In a past school year, a colleague and I were trying hard to sell the teachers in our building on a certain technology tool. The name of the tool doesn’t really matter. All that mattered is, we considered it a top priority – a tool that could really benefit students. So, we shared about it in emails, in team meetings, in staff meetings, in more casual conversations, anywhere that we could get an audience for it.
Later, one of the teachers attended a technology conference. They came back and were super-excited about a fantastic, exciting, new technology tool. They planned to use it the next day and couldn’t be prouder to have discovered it.

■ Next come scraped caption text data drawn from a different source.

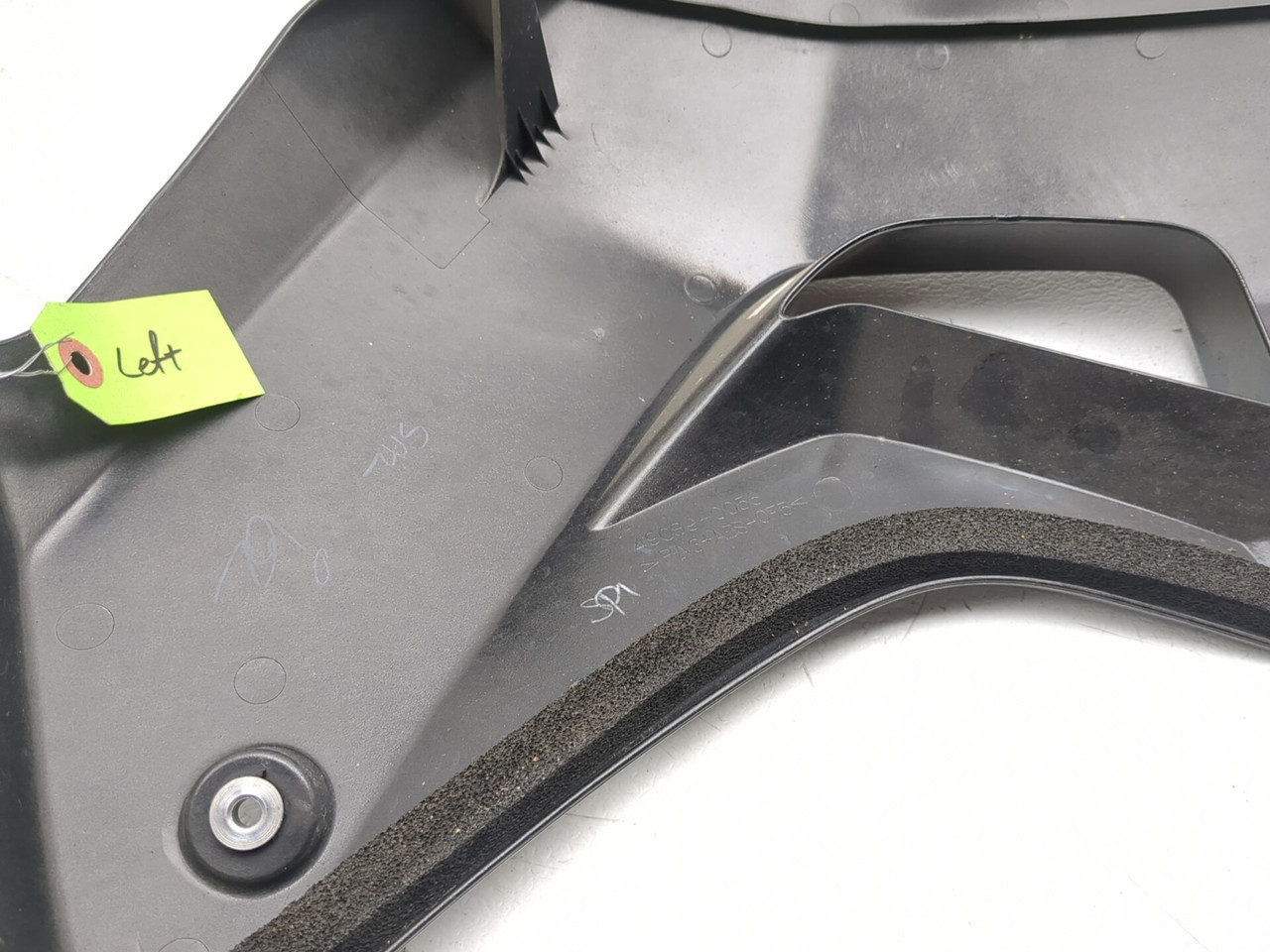 08-18 Kawasaki KLR 650 Front Left Radiator Shroud Fairing Cover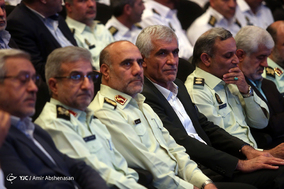 نشست مشترک شهردار تهران با فرماندهان انتظامی تهران
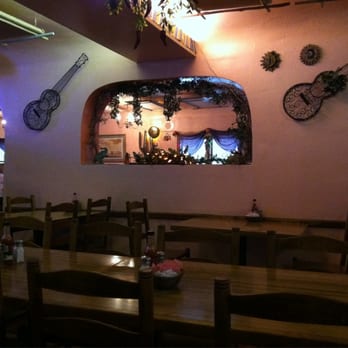 El Minuto Cafe - Mexican Near Me - Tucson, Arizona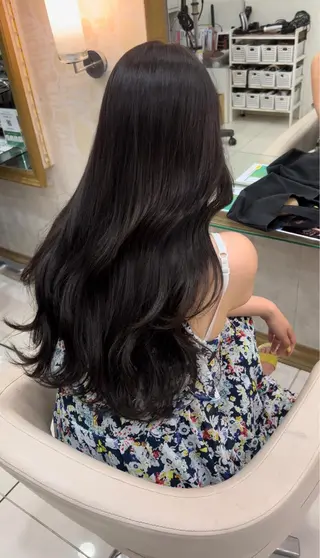 ロング カラー レイヤーカット 小飯田　武斗のヘアスタイル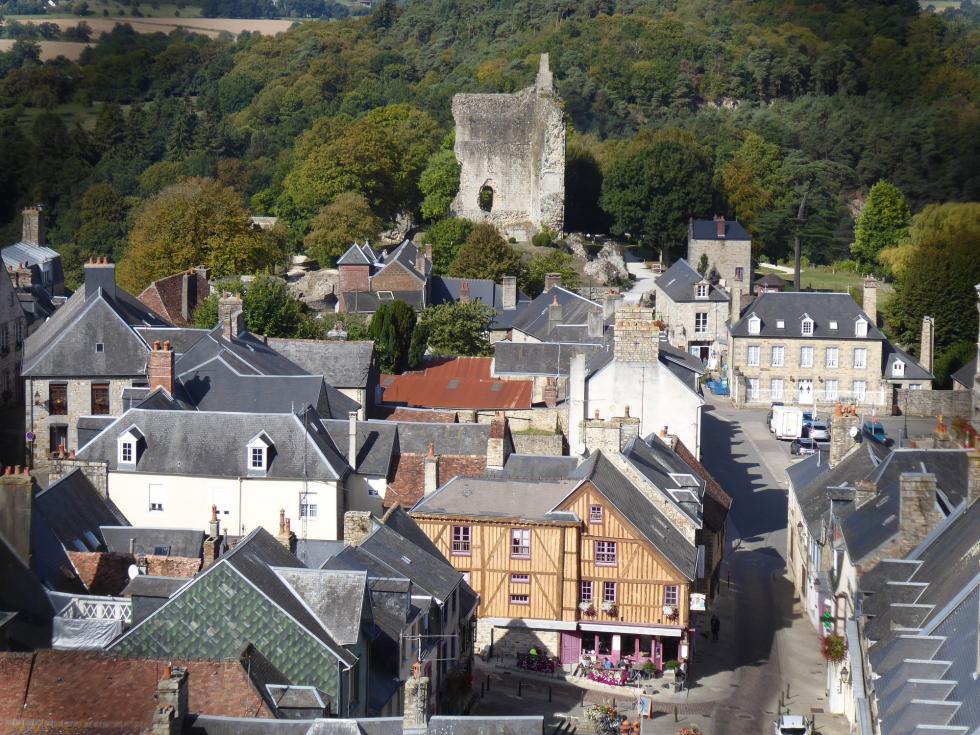 Vues à partir du clocher de Saint-Julien à Domfront.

Yup, you guessed it: it was the same tool that we had been beating the drum for all year long.
My colleague was mad.
Colleague: “We’ve shared about this tool so many times and [this teacher] ignored us each time . . . and now she sees thinks she discovered it!?”
Me: “Who cares.”
Colleague: “What!? How does this not make you mad? You recorded videos, you wrote emails, you presented about it in meetings . . . “
Me: “But . . . what was our goal?”
Colleague: “To get teachers to use it.”
Me: “Then we’ve met our goal and the students will benefit.”
The truth is, it’s hard not to be frustrated and offended in this situation. You pour yourself into your role as a tech coach (whether it’s official or unofficial) and work your tail off to try to expose teachers to the ideas that you believe in. And when they ignore it, it hurts. And when they discover it elsewhere and don’t even recall you sharing it, it hurts more.
But . . . it doesn’t matter. As long as the improvement happens, as long as the students benefit, as long as they hear the message from someone – even if it’s not you – you’ve met your goal. Take a deep breath and offer to support them in implementing that new tool!
We can’t take offense to them ignoring it before if they hear it NOW!